During the LS polls’ campaign, Narendra Modi said it was Attenborough’s film that made Mahatma Gandhi globally famous. While that’s far from the truth, here’s what the movie actually achieved.

It was an Indian expatriate, Motilal Kothari, who had approached Richard Attenborough with a proposal to make a film on Mahatma Gandhi as early as 1962. Kothari, a devout follower of Gandhi, had been forced to leave India for his Gandhian activities in British India. Later, having arrived in England to work at the Indian High Commission (he resigned in 1965 so that he could fully dedicate himself to the project), he was convinced that his adopted country was best placed to make the film and embarked on a mission to find a filmmaker who could effectively convey the Gandhi’s message to the world through the medium of cinema.

Earlier, Kothari had discussed the project with Robert Bolt, the two-time Oscar-winning playwright, known for writing the screenplays for Lawrence of Arabia, Doctor Zhivago, and A Man for All Seasons, but it fell through. With a runtime exceeding three hours and made on an astounding budget of $22 million, Attenborough’s film Gandhi, made 20 years later in 1982, was a gamble in an era when audiences were accustomed to shorter films, and there were concerns about whether the film would be able to recover the cost of production.
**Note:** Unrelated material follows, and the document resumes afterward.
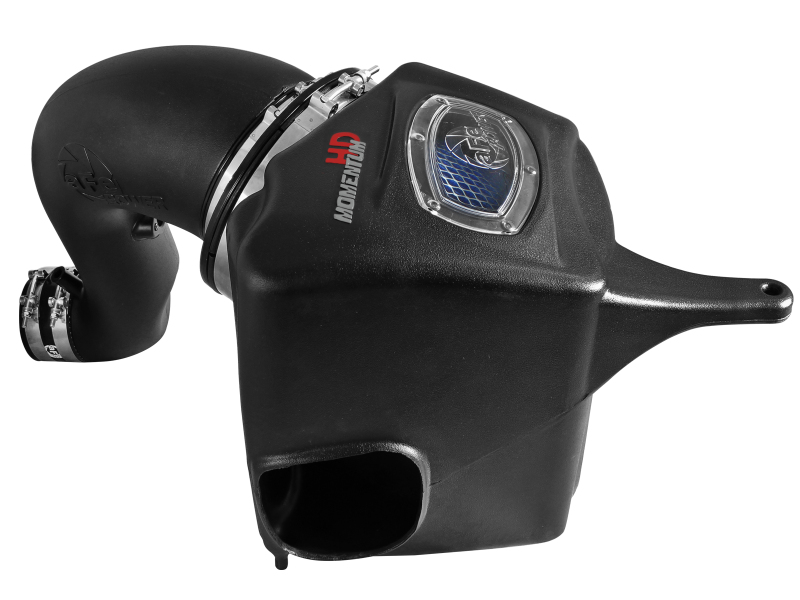 aFe Power Momentum HD PRO 10R Stage-2 Si Air Intake System 13-14 Dodge RAM Diesel Trucks L6 6.7L (td) - Image 5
In the 1980s, themes of race and nation dominated both British society and cinema, and there were a few notable films that stood out. Gandhi, like Attenborough’s 1987 film Cry Freedom, shares a thematic link with films like Hugh Hudson’s Chariots of Fire (1981), which portrays ethnic differences in Britain in the 1920s through the story of two British athletes in the 1924 Olympics: Eric Liddell, a Scottish Presbyterian born in China, and Harold Abrahams, an English Jew. The two run to become fully integrated as ‘British.’ Then, there was Stephen Frears’ My Beautiful Laundrette (1985) — with a screenplay by Hanif Kureishi — which explores racial difference through the lens of gender and sexuality.

Interestingly, before Kothari thought of a movie on Gandhi, the British government had got in touch with American director D.W. Griffith (director of films like The Birth of A Nation, Broken Blossoms, Intolerance, Way Down East, and the first in the history of cinema to employ techniques of contemporary filmmaking, like camera pans, fade-outs, close-ups still-shot, subtitles and night photography, etc.) in 1923. The British government wanted to counter Gandhi’s increasing influence and the film was meant to be a piece of propaganda. Griffith, however, could never make that film.

The making of the film on Mahatma

The making of Gandhi — a film that captures the spirit and legacy of one of the most influential figures in modern history, who was already a role model to the leaders of the world (Martin Luther King, Jr., Nelson Mandela, et al) long before the film became a reality — was a journey fraught with challenges, setbacks, and creative clashes. Attenborough had a hard time obtaining a suitable script, finding a perfect actor (Ben Kingsley) to play Gandhi, and — most importantly — securing finance for the film. The very fact that he was a British — and represented the former colonial ruler — went against him. Though, in 1972, Attenborough played General James Outram in Satyajit Ray’s The Chess Players — admirers of Urdu will remember Tom Alter as Outram’s aide De camp, Captain Weston, who seems every bit a Britisher, but recites Urdu poetry with proper talaffuz/pronunciation — many continued to contest his position.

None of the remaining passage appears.